一生片づけないでいられるだろうか。どんな部屋になるのだろう。

きみがためしにやってみたらどうだろう。「もしも?」と考えるんだ。

もしも「片づけなさい」とはぜったいに言われなくて、そのままにしていたら、どうなるのだろう。

そうやって実験をしてみたら、この作品の読み方も、また違ってくるだろう。

 

☆極端(きょくたん)だったり、正反対だったり、そんな場面に注目する

「あんまりきたなくしていると、きのこがはえてくるわよ」

おかあさんが、ココちゃんにそう言っている。

むかし、そんなマンガがあった。汚いけれどおもしろかった。キノコの名前はたしか「サルマタケ」と言っていた。作家というのは、似たようなことを考えるものだ。

 

この物語で肝心(かんじん)なのは「片づけない」と正反対の場面を作っているところだ。片づけすぎて、なんにもなくなってしまった。つまり、大切なものまで、片づけてしまったんだ。そして、それを探しにいくことになる。

大切なものってなんだろう。

何がどう大切なのだろう。

モノには、モノそのものだけでなく、そこに思い出がくっついているんだね。しかも、その思い出は自分だけのものだ。

思い出のあるモノを並べておくということは、そこに自分だけの「思い出の記念館」があるということだ。その解説は自分にしかできない。

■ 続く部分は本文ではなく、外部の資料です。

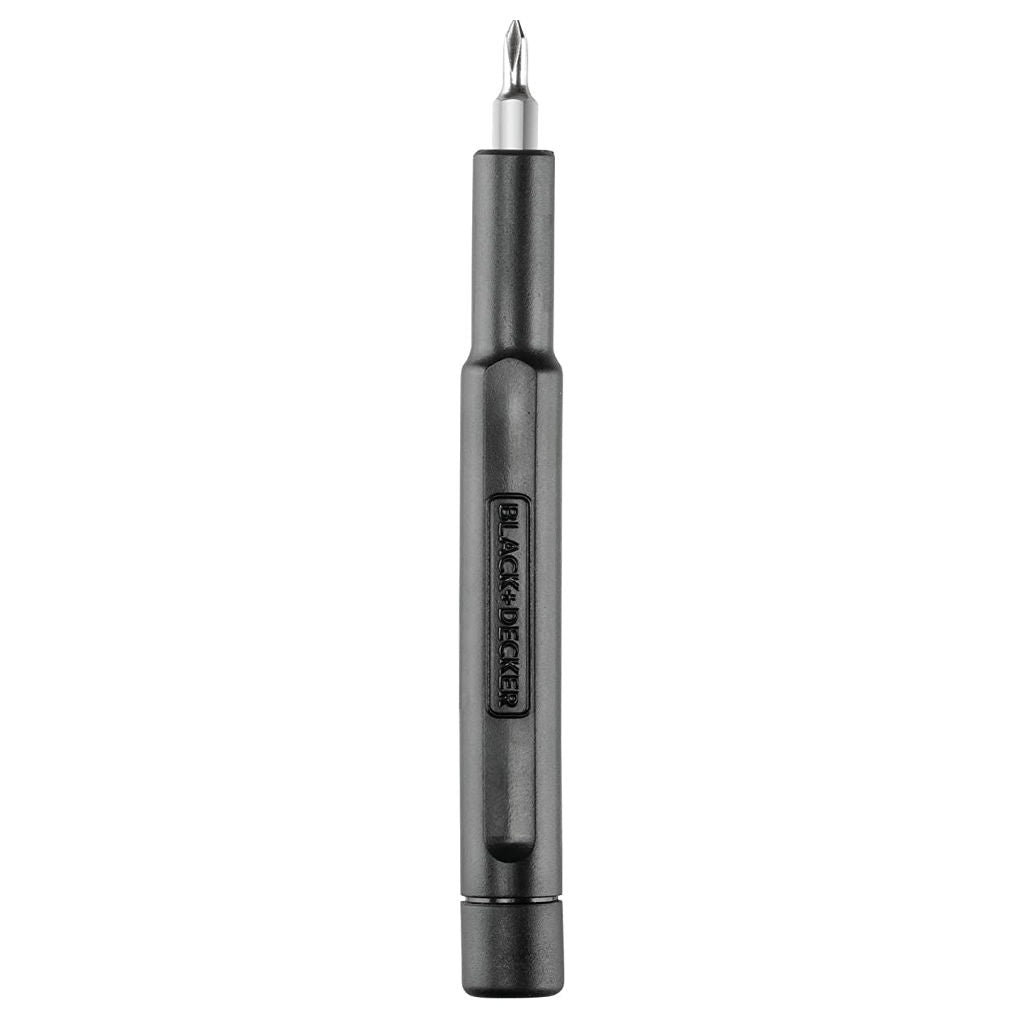 Black & Decker 3.6V Screw Driver Kits 27 Accessories BD40K27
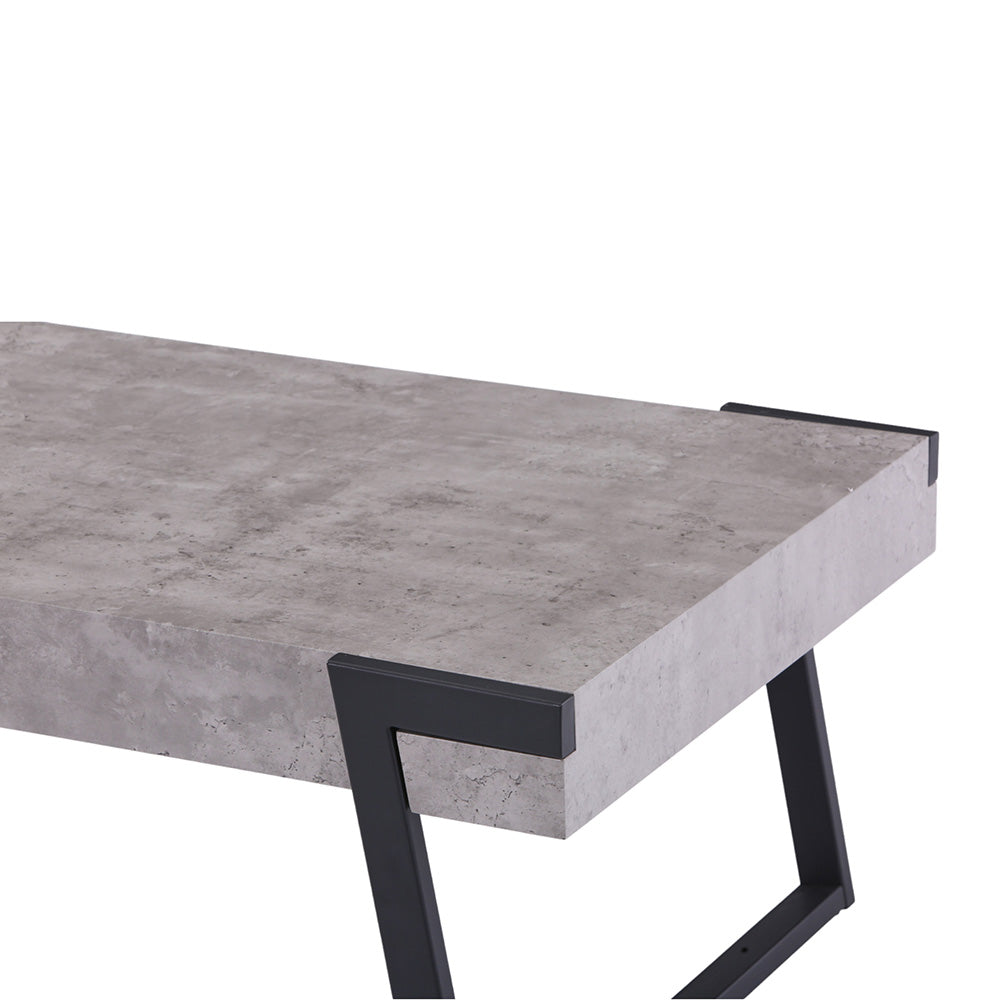 HC Home Canvas STURDY Coffee Table Stone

だから、自分で自分のモノを片づけるというのは、実はたいへんなことだったりする。これもあれも、みんな大切で、とても片づけられなくなる。

 

どうしたら、片づけられるのだろう?それは語られていない。

きみが考えていい。このクライマックスを参考にしながら、君の意見を考えることだ。

この作品は、答えを出さないで、考える余地(よち)を作ってくれている。もっと言えば、この作品は、きみに考えることを要求しているんだ。

 

☆片づけるって「なんのために?」「何をすること?」

ココちゃんが大切なものを思い出すと、それが手の中に飛び込んでくる。

この物語のクライマックスだ。

これは、なにを示していると思う?

 

モノそのものじゃなくて、モノにまつわる思い出が大切なんだ、ということじゃないだろうか。

だから、ココちゃんがみんな思い出したら、モノはみんな返ってくる。しかし、こんどはそれをどう片づけるのかは、わからない。

ここもきみのテーマになる。

 

ココちゃんは一度片づけた。そして大切なものがあることを知った。また散らかる。そして、また片づける。

そのたびに、何が大切かがわかる。そして、大切ではない何かをなくしていく。そういうことなんじゃないかな。

「片づけなさい」「ハーイ」、そんな程度の作品ではない。ママや先生に言われたから「言われたままをする」という話ではないね。

片づけってなんだろう――そこがポイントだ。なんのために、何をすることなの?それを考えるんだ。

これはパパやママに聞いていい。その答えで、パパやママがどこまで考えているかがわかるし、参考にもできる。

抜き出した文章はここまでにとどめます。